Scarcely a day goes back without another story on the woeful state of the banking industry. The latest episode in the on-going saga involving HSBC and its relationship with Mexico and money laundering where in 2008 over US$ 7 billion was shipped from its Mexican operation to the US. It seems that US HSBC affiliates were able to forward funds to prohibited countries such as Iran, Sudan, Burma, Cuba and N Korea. The good news for all concerned is that the bank has now expressed remorse about their unacceptable behaviour which had been going for more than a decade! The bad news is that they will probably get away with a fine of up to US$ 1 billion.
This week, the largest bank in the USA reported that it had lost US$ 4.4 billion as result of the antics of its rogue trader, the “London Whale”. As intimated in a May blog, we thought the then reported loss of US$ 2 billion to be on the low side! Little wonder that since April, the market has wiped off nearly US$ 40 billion from the bank’s value. To add to their problems, JP Morgan are now embroiled in an investigation that they have been manipulating the Californian energy market for their own profit and to the detriment of the public.
Not to be outdone US credit card companies – including Visa and MasterCard – have agreed to pay more than US$ 6 billion to retailers for basically ripping them off with fixed high fees. And we worry here when small unexplained charges appear on our statements and nothing gets resolved by the bank.
The repercussions from the Libor crisis rumble on. Although Barclays were the first to be caught by the authorities and fined a derisory US$ 450 million for fraud, there are many other banks waiting in the wings to receive their punishment with possible much higher fines. And rest assured these fines will seem miniscule once the lawyers start suing for all the damage suffered by their unsuspecting clients.

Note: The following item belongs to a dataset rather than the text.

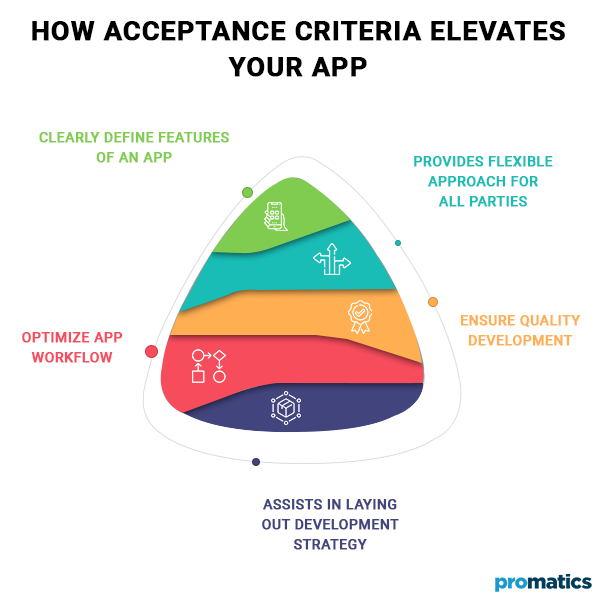 How-Acceptance-Criteria-Elevates-Your-App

Don’t forget that earlier in the year, Barclays were fined US$ 12 billion for giving bad financial advice to its UK clients. It had understated the risks involved from investing in two Aviva funds which subsequently suffered heavy losses in the 2008 GFC.
Gone have the days when bank robberies were carried out by persons stealing from banks. These days, it seems that the boot is on the other foot and banks are getting their own back by continually dreaming up ways of defrauding their customers. Stand and Deliver now has a whole new meaning!